• _Information provided_:
===
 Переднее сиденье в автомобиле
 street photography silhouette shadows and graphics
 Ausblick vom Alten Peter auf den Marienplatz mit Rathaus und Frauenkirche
===
• _Directions_:
The data above should be returned in full, exactly as written.

• _Output of the exercise_:
 Переднее сиденье в автомобиле
 street photography silhouette shadows and graphics
 Ausblick vom Alten Peter auf den Marienplatz mit Rathaus und Frauenkirche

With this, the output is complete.